What you have to do:
Lines of the data that contain the word "background" are the ones to copy.

[[ Input data open ]]

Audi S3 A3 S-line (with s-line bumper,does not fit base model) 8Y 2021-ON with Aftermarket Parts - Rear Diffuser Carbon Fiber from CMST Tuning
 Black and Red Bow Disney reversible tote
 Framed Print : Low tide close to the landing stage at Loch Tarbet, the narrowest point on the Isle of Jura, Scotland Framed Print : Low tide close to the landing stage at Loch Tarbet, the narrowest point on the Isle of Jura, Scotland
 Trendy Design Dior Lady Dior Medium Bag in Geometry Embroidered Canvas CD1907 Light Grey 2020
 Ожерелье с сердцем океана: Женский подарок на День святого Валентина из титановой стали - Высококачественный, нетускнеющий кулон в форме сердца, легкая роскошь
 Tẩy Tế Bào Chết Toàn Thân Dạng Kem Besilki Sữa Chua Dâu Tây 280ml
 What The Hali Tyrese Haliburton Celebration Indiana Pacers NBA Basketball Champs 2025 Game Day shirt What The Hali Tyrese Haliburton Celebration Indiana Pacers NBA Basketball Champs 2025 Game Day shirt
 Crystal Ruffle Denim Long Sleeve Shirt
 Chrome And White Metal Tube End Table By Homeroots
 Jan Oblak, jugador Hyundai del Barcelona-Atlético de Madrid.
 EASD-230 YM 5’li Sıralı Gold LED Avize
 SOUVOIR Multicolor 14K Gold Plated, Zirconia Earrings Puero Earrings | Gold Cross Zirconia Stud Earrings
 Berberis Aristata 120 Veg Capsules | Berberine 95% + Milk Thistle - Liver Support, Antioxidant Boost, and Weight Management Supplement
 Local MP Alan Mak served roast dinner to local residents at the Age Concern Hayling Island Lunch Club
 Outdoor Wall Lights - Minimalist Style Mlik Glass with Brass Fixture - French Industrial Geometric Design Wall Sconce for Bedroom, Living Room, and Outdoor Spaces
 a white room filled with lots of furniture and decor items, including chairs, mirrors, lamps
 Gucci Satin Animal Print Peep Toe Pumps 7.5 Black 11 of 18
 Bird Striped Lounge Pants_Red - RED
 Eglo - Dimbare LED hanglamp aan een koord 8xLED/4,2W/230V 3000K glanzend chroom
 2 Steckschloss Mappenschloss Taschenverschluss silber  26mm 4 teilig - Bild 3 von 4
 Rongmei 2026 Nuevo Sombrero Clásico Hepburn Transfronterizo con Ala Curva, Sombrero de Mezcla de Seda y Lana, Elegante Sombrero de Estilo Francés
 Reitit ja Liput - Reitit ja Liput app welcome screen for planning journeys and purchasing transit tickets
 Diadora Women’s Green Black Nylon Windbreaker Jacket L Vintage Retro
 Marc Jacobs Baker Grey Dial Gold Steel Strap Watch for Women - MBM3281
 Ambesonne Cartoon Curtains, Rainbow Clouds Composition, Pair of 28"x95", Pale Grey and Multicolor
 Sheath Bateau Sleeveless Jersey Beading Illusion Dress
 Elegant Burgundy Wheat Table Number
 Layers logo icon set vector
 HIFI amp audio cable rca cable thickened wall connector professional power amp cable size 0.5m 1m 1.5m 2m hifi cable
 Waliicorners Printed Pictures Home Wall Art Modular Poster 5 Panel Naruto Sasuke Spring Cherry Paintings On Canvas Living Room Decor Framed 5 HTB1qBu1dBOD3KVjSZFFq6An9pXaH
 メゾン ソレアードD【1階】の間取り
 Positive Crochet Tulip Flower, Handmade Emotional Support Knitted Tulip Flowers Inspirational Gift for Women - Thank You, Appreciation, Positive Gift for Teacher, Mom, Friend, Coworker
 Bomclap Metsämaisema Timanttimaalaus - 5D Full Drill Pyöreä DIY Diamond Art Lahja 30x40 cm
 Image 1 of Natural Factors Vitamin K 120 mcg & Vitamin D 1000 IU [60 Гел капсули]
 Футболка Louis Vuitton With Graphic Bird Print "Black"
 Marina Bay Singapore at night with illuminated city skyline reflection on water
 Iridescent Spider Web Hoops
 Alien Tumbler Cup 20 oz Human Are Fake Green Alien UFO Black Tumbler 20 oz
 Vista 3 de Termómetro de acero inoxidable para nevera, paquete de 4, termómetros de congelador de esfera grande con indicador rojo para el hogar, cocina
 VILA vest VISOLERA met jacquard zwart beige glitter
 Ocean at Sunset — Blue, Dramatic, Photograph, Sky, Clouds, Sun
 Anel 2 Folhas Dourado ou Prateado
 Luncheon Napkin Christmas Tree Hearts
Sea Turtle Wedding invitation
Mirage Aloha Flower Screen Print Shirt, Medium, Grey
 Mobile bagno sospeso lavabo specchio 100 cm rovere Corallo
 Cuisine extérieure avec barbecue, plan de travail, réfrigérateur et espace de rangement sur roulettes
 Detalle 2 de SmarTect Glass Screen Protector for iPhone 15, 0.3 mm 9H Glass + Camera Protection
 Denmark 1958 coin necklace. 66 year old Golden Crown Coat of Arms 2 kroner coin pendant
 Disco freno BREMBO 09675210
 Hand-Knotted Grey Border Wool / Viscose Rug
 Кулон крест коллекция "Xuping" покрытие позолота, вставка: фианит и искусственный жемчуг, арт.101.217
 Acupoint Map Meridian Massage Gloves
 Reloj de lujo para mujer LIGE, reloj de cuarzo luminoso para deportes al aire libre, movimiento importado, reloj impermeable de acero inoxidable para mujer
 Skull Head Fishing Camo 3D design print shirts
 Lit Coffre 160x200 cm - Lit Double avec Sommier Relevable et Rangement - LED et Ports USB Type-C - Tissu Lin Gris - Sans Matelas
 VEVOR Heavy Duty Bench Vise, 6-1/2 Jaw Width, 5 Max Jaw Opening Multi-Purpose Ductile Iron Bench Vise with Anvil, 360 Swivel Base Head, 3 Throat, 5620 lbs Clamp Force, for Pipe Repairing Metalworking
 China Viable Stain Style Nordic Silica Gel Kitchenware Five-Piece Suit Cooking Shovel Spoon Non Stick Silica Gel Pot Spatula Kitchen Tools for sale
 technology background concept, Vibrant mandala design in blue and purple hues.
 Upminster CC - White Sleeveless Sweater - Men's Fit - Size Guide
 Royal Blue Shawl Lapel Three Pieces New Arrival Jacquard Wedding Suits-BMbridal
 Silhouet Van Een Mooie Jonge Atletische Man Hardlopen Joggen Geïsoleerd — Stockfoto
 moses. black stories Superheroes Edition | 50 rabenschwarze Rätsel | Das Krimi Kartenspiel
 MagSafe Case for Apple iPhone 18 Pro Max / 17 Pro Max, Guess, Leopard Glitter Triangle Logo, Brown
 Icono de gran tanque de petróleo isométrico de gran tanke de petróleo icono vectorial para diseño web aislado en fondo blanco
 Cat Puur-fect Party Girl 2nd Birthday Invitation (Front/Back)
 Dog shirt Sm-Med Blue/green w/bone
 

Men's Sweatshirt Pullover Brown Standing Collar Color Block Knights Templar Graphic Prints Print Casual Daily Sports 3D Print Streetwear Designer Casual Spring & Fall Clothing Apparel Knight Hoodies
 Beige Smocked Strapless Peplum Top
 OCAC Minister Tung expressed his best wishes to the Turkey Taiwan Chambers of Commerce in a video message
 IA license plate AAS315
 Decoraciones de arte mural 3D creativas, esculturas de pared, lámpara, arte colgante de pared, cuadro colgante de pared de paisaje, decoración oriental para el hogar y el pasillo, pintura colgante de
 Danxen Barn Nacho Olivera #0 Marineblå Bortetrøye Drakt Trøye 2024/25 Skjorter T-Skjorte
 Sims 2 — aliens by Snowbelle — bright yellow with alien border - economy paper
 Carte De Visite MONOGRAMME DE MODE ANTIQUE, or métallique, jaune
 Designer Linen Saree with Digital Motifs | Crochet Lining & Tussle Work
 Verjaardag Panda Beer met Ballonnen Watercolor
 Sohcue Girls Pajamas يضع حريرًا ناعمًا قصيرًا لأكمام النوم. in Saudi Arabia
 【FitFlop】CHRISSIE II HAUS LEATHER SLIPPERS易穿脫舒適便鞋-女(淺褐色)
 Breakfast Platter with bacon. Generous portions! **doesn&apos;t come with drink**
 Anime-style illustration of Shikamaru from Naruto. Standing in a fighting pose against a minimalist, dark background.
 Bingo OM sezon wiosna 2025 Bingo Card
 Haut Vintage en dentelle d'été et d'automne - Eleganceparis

[[ Input data closed ]]

Response box:
 technology background concept, Vibrant mandala design in blue and purple hues.
 Anime-style illustration of Shikamaru from Naruto. Standing in a fighting pose against a minimalist, dark background.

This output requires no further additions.